Stahl: The economics behind it is really the key. If there is no economic value that somebody can immediately see, nothing will happen. If you look at verification history — and you mentioned constrained random technology — it brought value. Then, standardization followed with UVM and bringing that into the design community. Any impact in productivity, or cost, needs to come from this immediate economic value that companies see. I’ll give two examples of that. If you look into verification, what we are seeing in the market today when people build processor-based systems, is that they want to take their verification to the next level by combining some of the architecture knowledge, such as the CPU architecture, with constrained random generation technologies.
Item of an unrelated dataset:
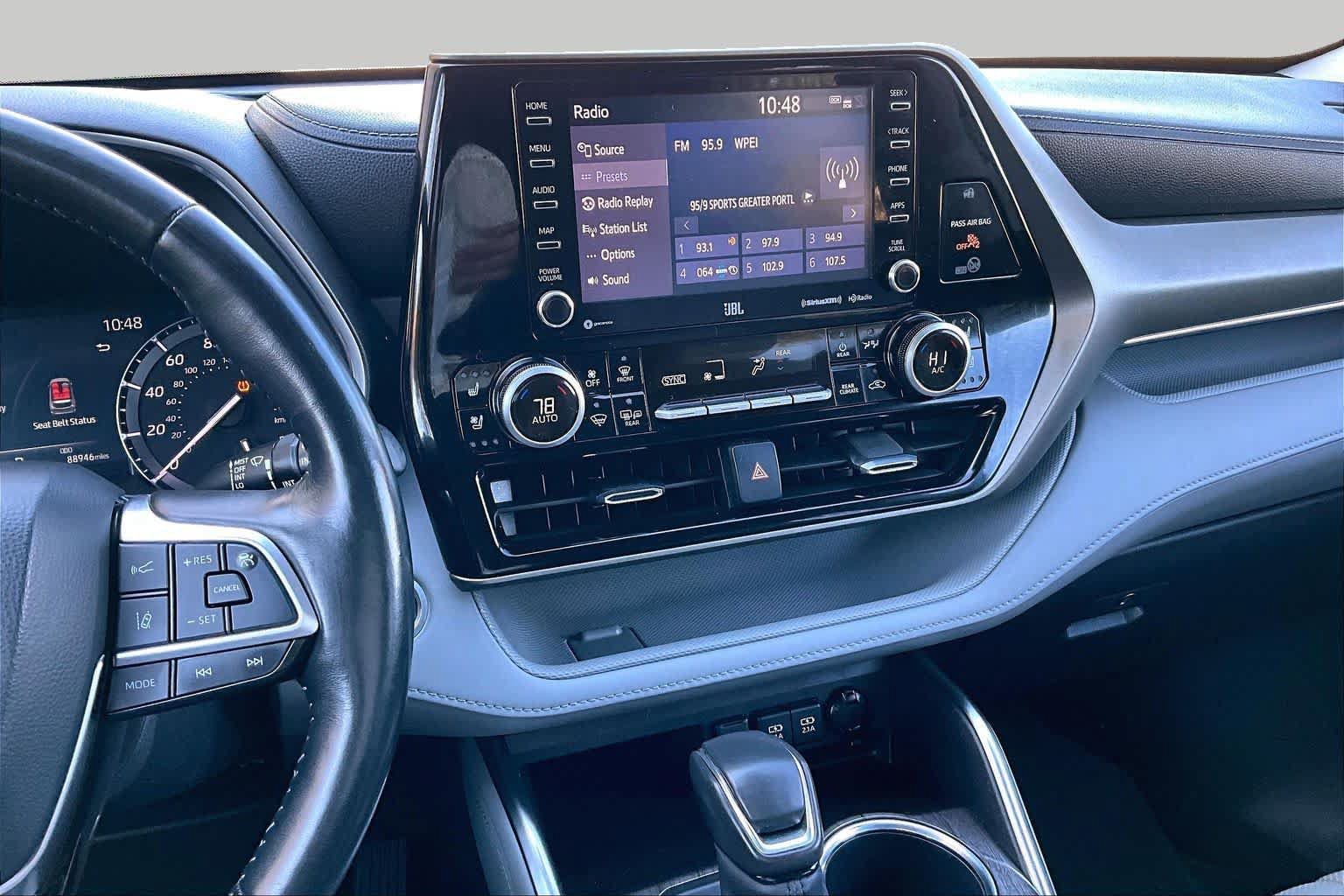 Used 2020 Toyota Highlander Limited AWD/4WD image 7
They have a new way of driving vectors, but it’s immediately obvious because they’re targeting a CPU that has value behind it. That methodology shift can happen. A second example is when you look generally at how the complexity of chips is evolving, and the related software. It’s obvious that you need more capacity and more performance on hardware-assisted verification. We have seen customers who say, ‘We are not going the traditional route. We are going to split our hardware-assisted verification into modular elements, and then individually create these modules, maybe for a chiplet. And once we have validated that chiplet, we put multiple chiplets together.’ They call this modular hardware-assisted verification. The foundation of that is both the need and the ability of a technology to support that. The methodology behind that in these companies changes, because they are asking the design teams to work in this new methodology.

Munsey: In the context of chip development, the chip ultimately exists as part of a larger system. That chip is going into a phone, or a car, or an airplane. It’s the context of the digital twin that really affects chip development. The benefit or the value associated with that is to allow people to make their decisions, whether it’s design or verification in context of the entire product that the chip belongs in. Ideally, you’re starting to make decisions on what you’re doing for tradeoffs for design in the context of how that chip is going to interact with the rest of the system. This is important, especially when we talk about software-defined systems where you’re trying to decide what you’re going to do in software and what you’re going to do in hardware. And then, how are you are going to verify that. How you are going to go back to your requirements and make sure that you’re actually refining your requirements throughout the whole process, making sure that the system itself — of that semiconductor, and the semiconductor interacting with the rest of the product — is meeting those requirements. That is going to start to dictate how you do your design and how you do your verification. And hopefully, there is the advantage of being able to optimize your design and verification environments because they’re done in systems as opposed to a monolithic thing that you’re just designing without the bigger picture around it.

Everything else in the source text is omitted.